Le spectre de l’abstention
Toutefois, ce qui inquiète les analystes et les partis modérés en général, c’est l’abstention. Elle pourrait favoriser les deux formations d’extrême droite et de gauche et défavoriser Macron. Le taux de participation à l’élection présidentielle est estimé à 66% des inscrits sur les listes électorales.
Si ce chiffre se confirmait le 10 avril, ce serait une baisse de près de 12 points par rapport à la participation enregistrée au premier tour de 2017 (77,8%). Si le seuil symbolique des 30% était dépassé, un taux d’abstention record pour une élection présidentielle serait battu. Et le précédent de 2002 (28,4% d’abstention) serait dépassé.

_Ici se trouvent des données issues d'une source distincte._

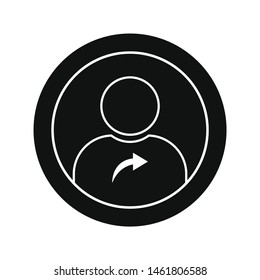 Black and white user arrow icon vector illustration 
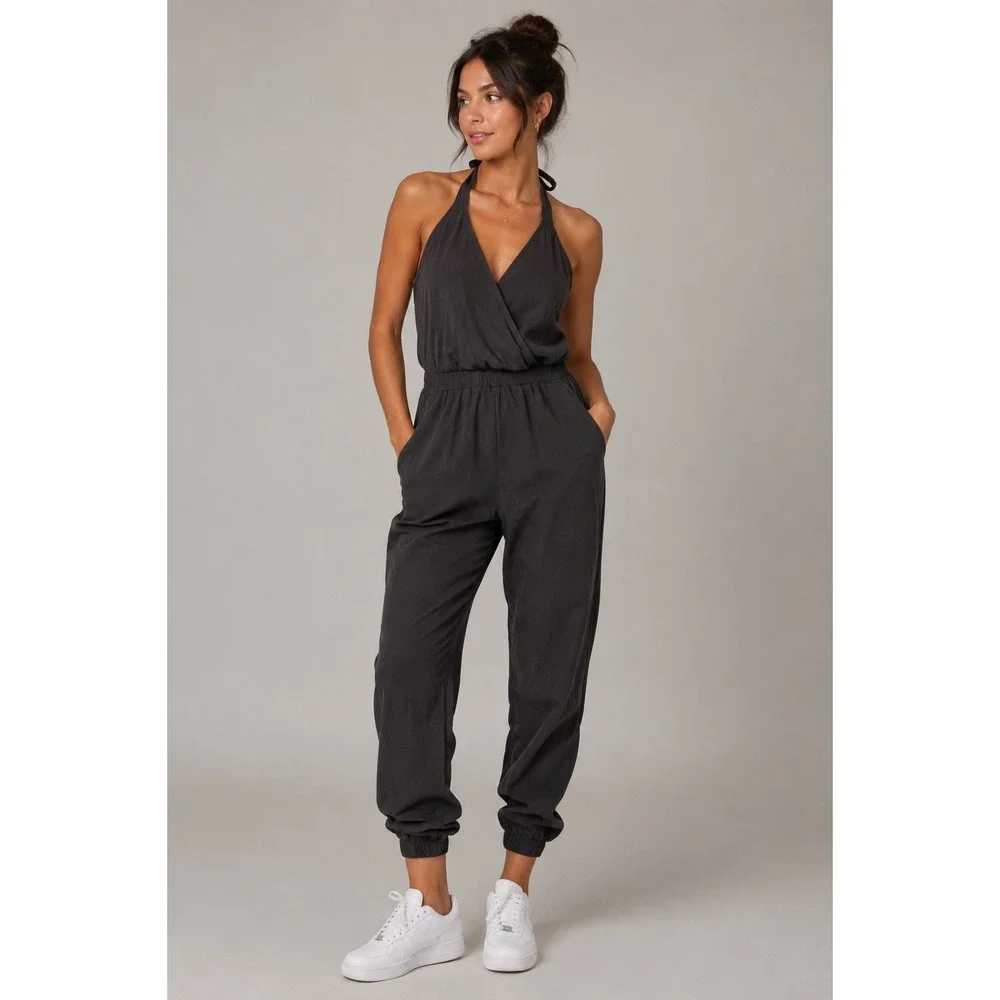 Lulus Black‎ Halter Surplice Neck Jumpsuit Elastic Waist Jogger Leg XS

Selon l’analyse du journal économique Les Échos, traditionnellement moins mobilisés pour voter, 50% des jeunes de moins de 35 ans participeraient à ce premier tour de scrutin. De même, un taux de participation plus faible a également été observé parmi les classes populaires (60%).

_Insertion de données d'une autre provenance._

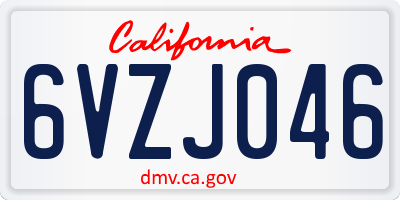 CA license plate 6VZJ046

Politiquement, la participation serait plus faible chez les électeurs de Jean-Luc Mélenchon qu’en 2017. Mais elle serait tout de même supérieure à la moyenne, soit 69%. Néanmoins, un fait peut changer la course électorale, dans le dernier virage.
Car, selon un sondage Ipsos pour la Fondation Jean-Jaurès et le journal Le Monde, un tiers des électeurs hésitent à aller voter. Et sur les deux tiers restants, 37% disent pouvoir changer d’avis. Le résultat est ce que les analystes appellent « une grande volatilité électorale ».